Holder decided to track down the seller himself and came across an internet forum dedicated to people who'd suffered the same fate. "Soon we set up another forum with 14 other victims and we started to compare notes, trying to track him down through bank details," says Holder.
"He was carrying out several different frauds, using several different accounts and many hijacked, legitimate accounts. He is purporting to sell everything from plasma TVs to outboard motors."
Through the forum, Holder also found that another victim had managed to get Hampshire police to take the matter seriously. The constable involved diligently collated the evidence gathered by the forum members and is updating them on his progress via email.

But in an update sent on 5 December, the Hampshire PC admits he has been overwhelmed by the flood of people reporting Ebay fraud to him. "I will be quite honest and say that I never believed the number of victims would grow so fast," his message reads. "I have been away for two days and came back to almost 100 emails."

The constable tells the forum members he can only investigate crimes that have been committed in Hampshire, and implores them to report incidences of Ebay fraud to their local station. However, he later concedes that the other forces may fail to investigate the crimes if they learn of his own probe. "DO not tell your local force that I am collecting all the crimes as they will not then start the investigation and we will lose valuable time," his message reads. "Instead, you can explain to them that Hampshire has an investigation started on certain suspects but they must make the link first."

Widespread crime
The policeman's email reveals the scale of the auction fraud. "Ebay has a big problem and there are many people trying this scam all over the UK," it says. "I appreciate that this is frustrating for you all, but you have to understand that I have to (and only allowed to) [sic] investigate crimes that have been committed in my force area."

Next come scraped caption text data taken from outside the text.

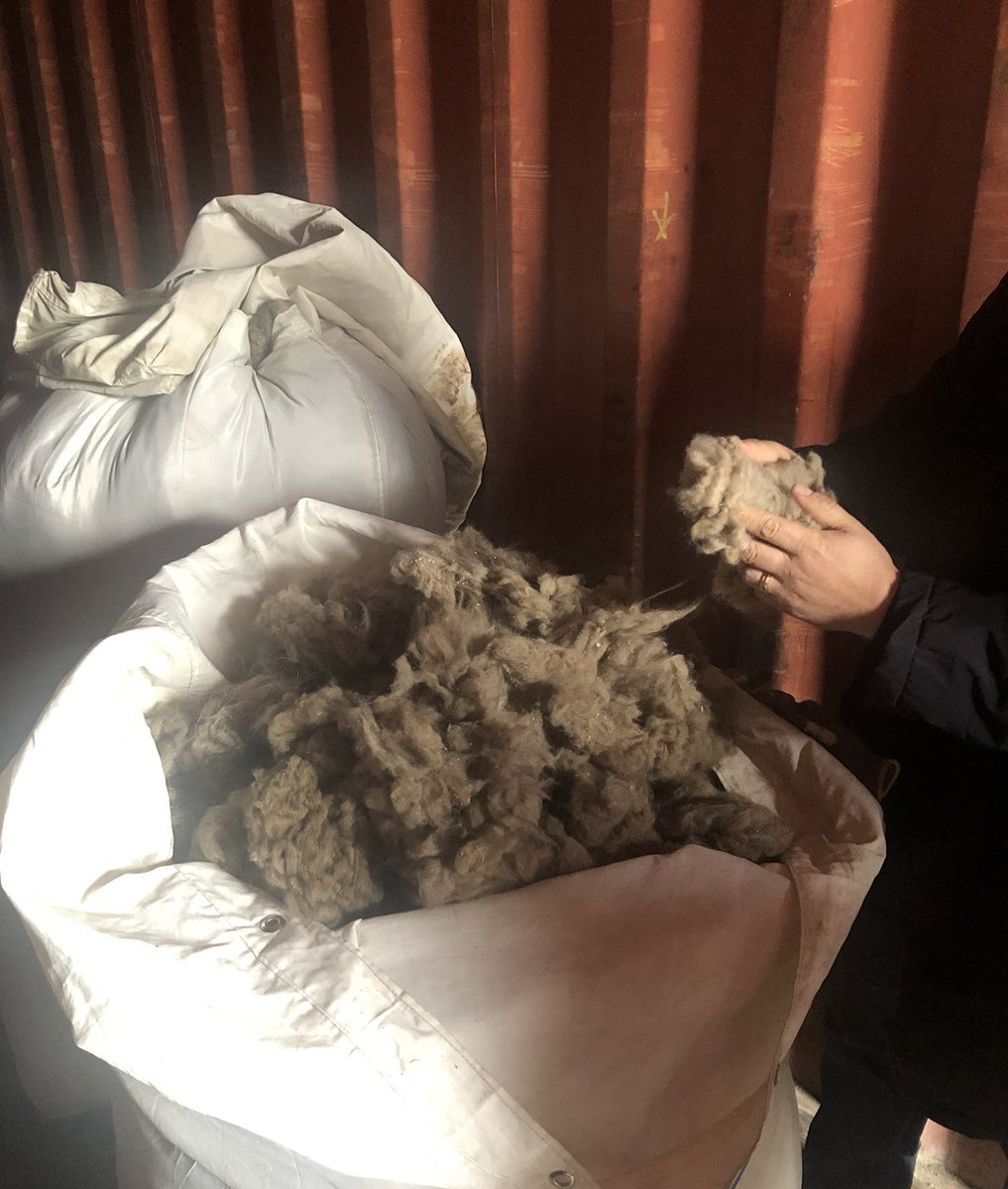enkhtuulsh's tweet photo. Бид жилд 10000 ТОНН НООЛУУР 26 сая ямаанаасаа самнан авдаг. 
Энэ нь дэлхийн нийт ноолуурын 40% юм. 
Гэвч дэлхийн эцсийн бүтээгдэхүүний зах зээлийн 0.16%-ийг эзэлдэг. Харин УГААСАН НООЛУУРЫН 90%, САМНАСАН НООЛУУРЫН 70%-ийг дэлхийн зах зээлд нийлүүлдэг. 
Энэ харьцааг л хэдүүлээ сайжруулмаар байна.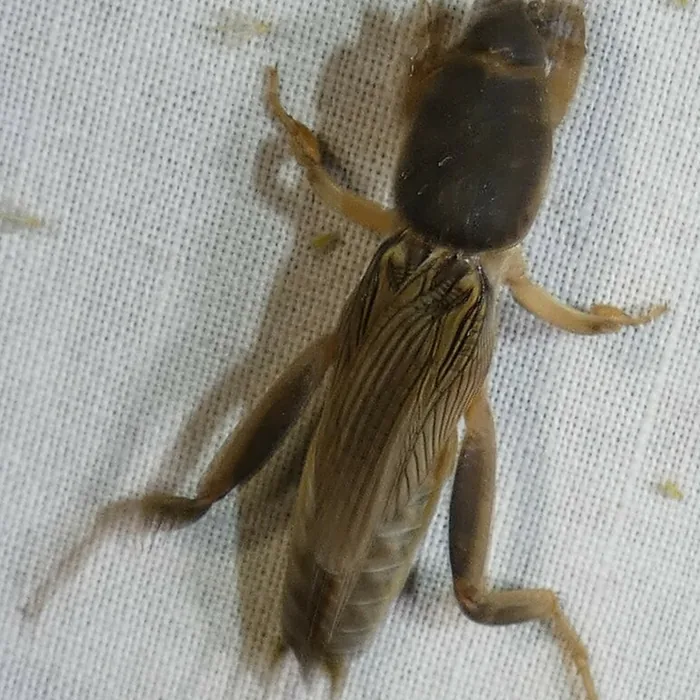 Mole Cricket — what it looks like (Lawn, Tree & Shrub Pests)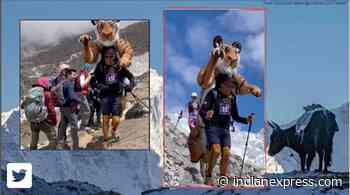 59-year-old UK photographer runs Everest Marathon in tiger suit. Watch video - The Indian Express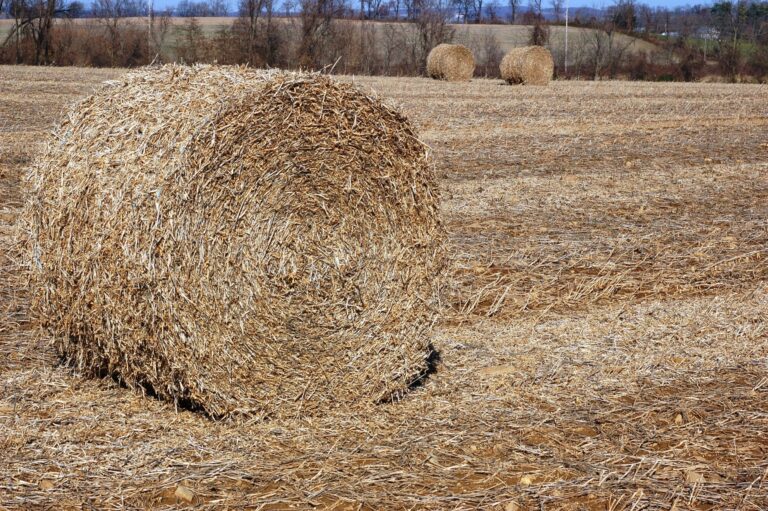 soybean bales made from harvested soybean plants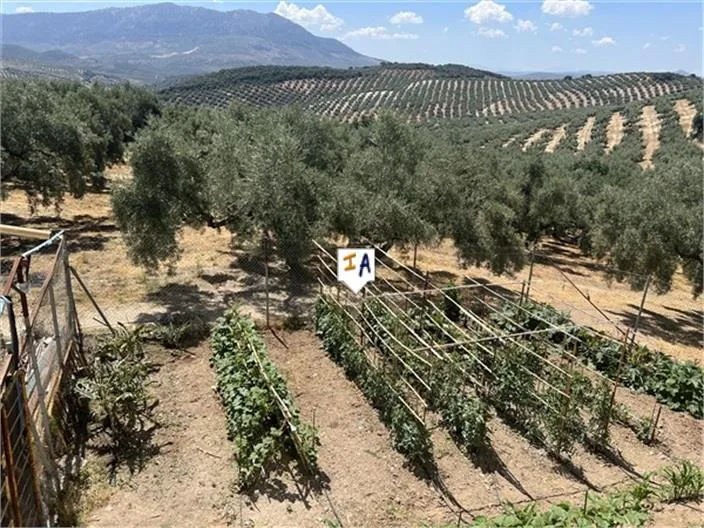Jardin - Cortijo Villa with Pool in Rute, Andalucia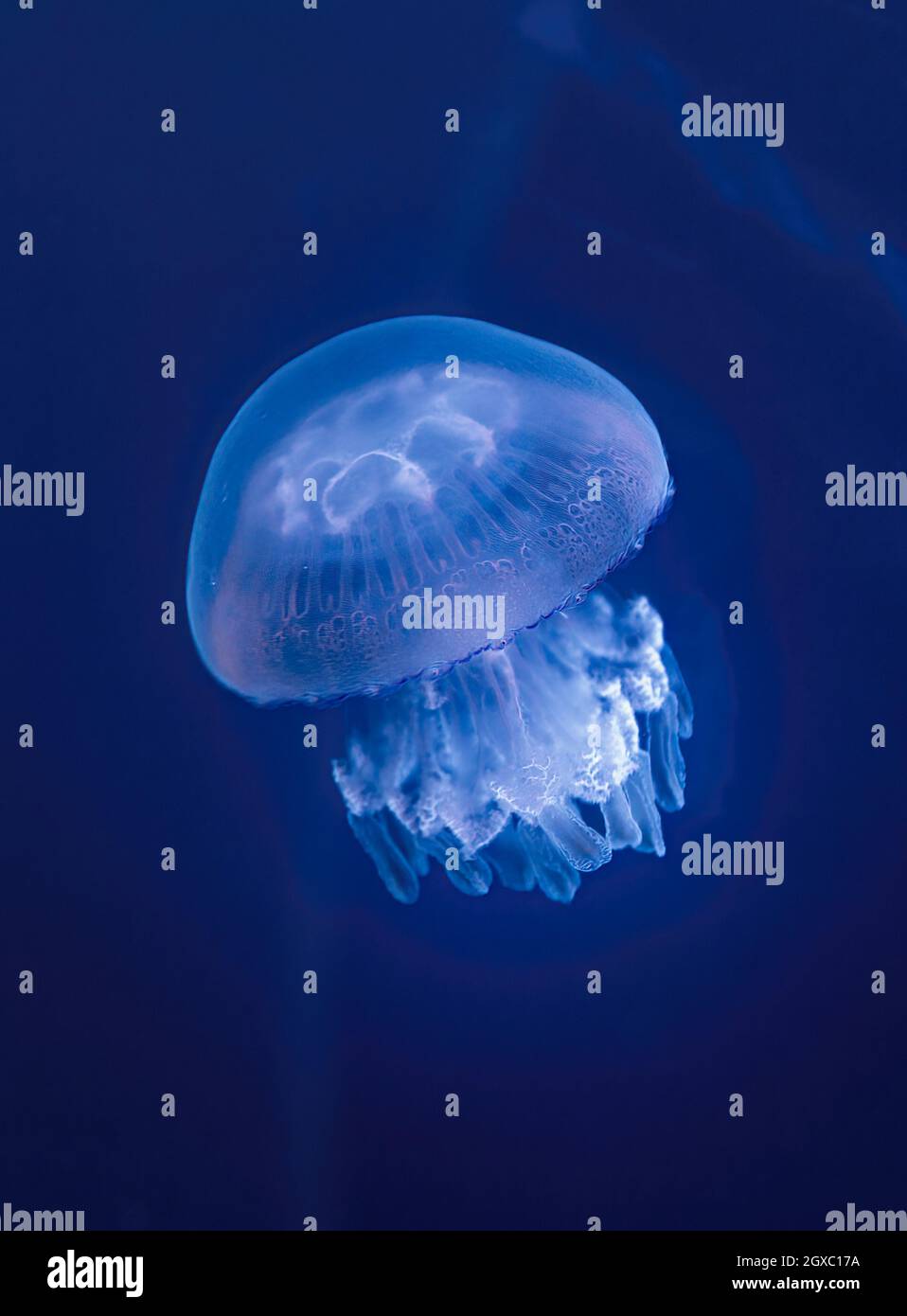 Barrel jellyfish (rhizostoma pulmo) Stock Photo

Indeed, the scale of the victims' frustration leads the police officer to make a plaintive plea for calm. "Please continue to send me information that you feel is important... And please no swearing, some have contained inappropriate language which I then have to explain to my boss."
Hampshire Police was unavailable for comment at the time of publication.
Ebay insists it takes customer security seriously. "Our first priority is to maintain a safe and secure site for our customers and we work closely with law enforcement agencies to ensure that any criminal activity is detected and stopped before any harm is done," it claims in a statement. "The level of transparency on Ebay is far greater than anywhere on the high street and, this year, we have so far helped to secure over 200 arrests. Anyone thinking about misusing Ebay should think again."

E-crime unit

The leaked email will reignite calls for a central police department that handles reports of e-crime. The House of Lords Inquiry into Personal Internet Security recommended just that earlier this year, but its proposals were rejected by the government. "Unfortunately, the government dismissed every recommendation out of hand, and its approach seems to solely consist of putting its head in the sand," Inquiry member Lord Erroll said at the time.
Writing in PC Pro earlier this year, Shadow Home Secretary, David Davis, said the UK had become a soft touch for e-crime. "Government has got to get a grip and get a grip quickly," he wrote. "At the local level this means making it a lot easier for victims of online crime to make a report to the police directly or by other channels and know that the information they give will be used.
"The United States has had an Internet Crime Complaint Centre or IC3 for some seven years. It is long past time that we developed something similar," he wrote.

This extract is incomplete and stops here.